I watch in surprise as Agustín first stands up, then backs into the white veil of water so that it’s pummeling his head and his shoulders. He lifts his head back, closes his eyes, flings his arms out wide and stands there, cruciform, with an expression on his face partway between joy and agony.
‘Happy birthday, Agustín!’ I shout, but he can’t hear me.
Then I realize that the water pouring over the lip of the waterfall is running rust-red, stained by silt and cyanide from the forest’s felling, from the mountain’s mining, from the river’s poisoning — and that red is pouring over Agustín’s head and shoulders and is filling the pool itself with old blood . . . and then I blink and the mining has not yet happened and may never happen, and the forest is still unfelled, the mountain whole and the river clear.
A few minutes later I swim over to the waterfall. As Agustín had done, I find my footing on the bed of the pool, then lean back into the shifting, turbulent veil of water. A thousand little fists punch my shoulders, a thousand cold wasps sting my skin.
I close my eyes, feel skin and scalp and spirit ringing and singing. It elates me. This river has an aura into which we have passed, I think, and which is changing our being, enlivening us. Would a dying river do this?

It seems clear to me then, in that strange, bright water, that to say a river is alive is not an anthropomorphic claim. A river is not a human person, nor vice versa. Each withholds from the other in different ways. To call a river alive is not to personify a river, but instead further to deepen and widen the category of ‘life’, and in so doing — how had George Eliot put it? — ‘enlarge the imagined range for self to move in’.
“To call a river alive is not to personify a river, but instead further to deepen and widen the category of ‘life’…”
But then I’m counterstruck by the sheer, incorrigible weirdness of this white water, by the profoundly alien presence of the river — and all that I’ve just thought feels too easy, too pat. Is this thing I’m in really alive? By whose standards? By what proof? As for speaking to or for a river, or comprehending what a river wants — well, where would you even start with that process? Surely all our attempts to bend the law round so that it recognizes the rights of rivers or forests will only end up with human proxies, jockeying for their own positions and speaking in incorrigibly human voices — ventriloquizing ‘river’ and ‘forest’ in a kind of cos-play animism.

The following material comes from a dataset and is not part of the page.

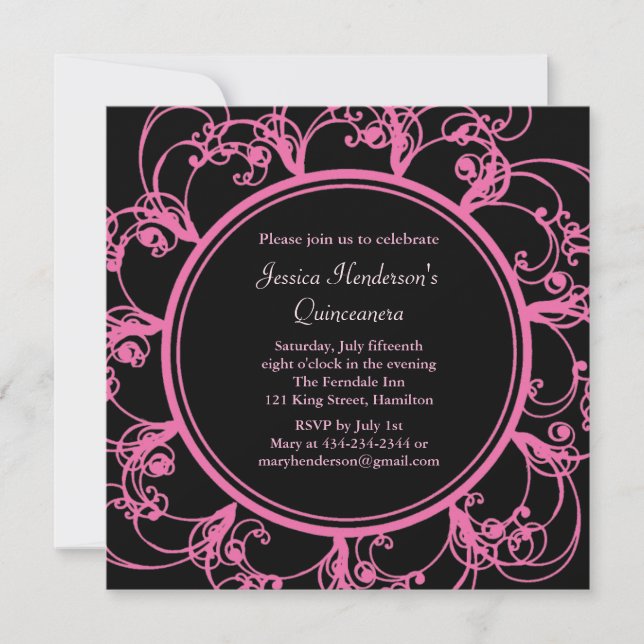 Fancy Floral Quinceanera Invite (black) (Front)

We could call it the ‘Solaris Problem’ — the question of how on earth to open a plausible line of communications with a river — after Stanislaw Lem’s 1961 SF novel Solaris, about a planet whose ocean behaves in ways that perplex the usual mechanistic reductions of water to matter. In ways, in fact, which seem to human observers to be intentional, sentient . . . alive. Entire institutes become dedicated to the study of ‘solaristics’: theoretical attempts to comprehend the ocean’s properties and ontology, and practical attempts to establish contact with it. All methodologies, however, prove futile.
Standing there with the water clattering my skull — as I clumsily, hopelessly probe the River of the Cedars for legibility, for utterance — a line from Lem’s novel bounces into my brain: How can you hope to communicate with the ocean if you can’t even understand one another?
I notice Giuliana has swum to a corner of the pool and is floating there quietly, looking downstream, facing away from the rest of us.
I think that it’s unlike her not to be whooping, not to be at the centre of the party.
I wonder if she is dreaming or remembering.
Then I see that she is crying, adding her tears to the river’s flow.